The Nvidia bandwidth to compute ratio is more necessary because they are moving things around all the time. By keeping all the outputs on the wafer and only streaming the weights, you have a much more favorable requirement for BW to compute. And the number of layers becomes less impactful because they are storing transient outputs.
This is probably one of the primary reasons they didn't need to increase SRAM for WSE-3. WSE-2 was developed based on the old "fit the whole model on the chip" paradigm but models eclipsed 1TB so the new solution is more scalable.
And keep in mind that these nodes are hilariously "fat" compared to a GPU node (or even an 8x GPU node), meaning less congestion and overhead from the topology.
Maybe it wouldn't be as powerful as one of these, due to their less capable fabs, but something that's good enough to get the job done in spite of the embargoes.
Yes.
https://f.hubspotusercontent30.net/hubfs/8968533/Virtual%20B...
- non-sparse fp16 in WSE-2 was 7.5 tflops (about 8 H100s, 10x worse performance per dollar)
Does anyone know the WSE-3 numbers? Datasheet seems lacking loads of details
Also, 2.5 million USD for 1 x WSE-3, why just 44GB tho???
You can order one with 1.2 Petabytes of external memory. Is that enough?
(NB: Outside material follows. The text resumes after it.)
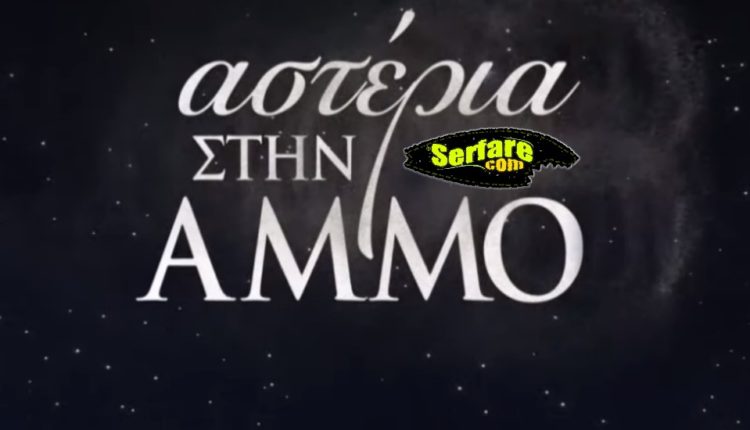 Αστέρια Στην Άμμο – Επεισόδιο 52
"External memory: 1.5TB, 12TB, or 1.2PB"
https://www.cerebras.net/press-release/cerebras-announces-th...
"214Pb/s Interconnect Bandwidth"
I mean, in a cluster you might have a bunch of nodes with 8x GPUs hanging off each, if this thing replaces a whole node rather than a single GPU, which I assume is the case, it is not really a useful comparison, right?
I trust that gamers will outlast every hype, be it crypto or AI.